● **TASK REQUIREMENTS**: The lines to copy are those with "Leather" in them. Pull each one from the entries below.

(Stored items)

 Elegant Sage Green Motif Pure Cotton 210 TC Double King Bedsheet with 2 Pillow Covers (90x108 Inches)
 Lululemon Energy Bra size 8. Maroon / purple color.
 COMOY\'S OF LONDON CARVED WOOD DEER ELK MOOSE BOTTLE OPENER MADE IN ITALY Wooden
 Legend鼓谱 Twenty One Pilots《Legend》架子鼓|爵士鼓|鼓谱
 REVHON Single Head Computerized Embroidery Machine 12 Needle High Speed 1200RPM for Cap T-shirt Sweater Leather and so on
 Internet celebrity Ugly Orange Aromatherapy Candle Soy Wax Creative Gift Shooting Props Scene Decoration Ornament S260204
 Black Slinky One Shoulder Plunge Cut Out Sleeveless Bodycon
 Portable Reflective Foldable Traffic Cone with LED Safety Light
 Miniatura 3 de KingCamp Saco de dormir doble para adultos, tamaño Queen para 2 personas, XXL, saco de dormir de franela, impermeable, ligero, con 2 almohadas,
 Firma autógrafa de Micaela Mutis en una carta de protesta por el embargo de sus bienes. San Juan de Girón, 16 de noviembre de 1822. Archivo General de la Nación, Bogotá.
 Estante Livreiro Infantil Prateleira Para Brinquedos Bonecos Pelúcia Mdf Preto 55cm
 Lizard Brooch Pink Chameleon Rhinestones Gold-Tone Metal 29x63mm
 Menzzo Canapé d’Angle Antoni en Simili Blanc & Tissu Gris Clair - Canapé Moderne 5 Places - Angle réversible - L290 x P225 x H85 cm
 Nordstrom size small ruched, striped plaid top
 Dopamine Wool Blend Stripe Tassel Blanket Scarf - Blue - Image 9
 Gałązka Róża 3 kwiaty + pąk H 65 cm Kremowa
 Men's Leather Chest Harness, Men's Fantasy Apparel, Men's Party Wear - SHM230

● **ANSWER TO THE PROBLEM**:
 REVHON Single Head Computerized Embroidery Machine 12 Needle High Speed 1200RPM for Cap T-shirt Sweater Leather and so on
 Men's Leather Chest Harness, Men's Fantasy Apparel, Men's Party Wear - SHM230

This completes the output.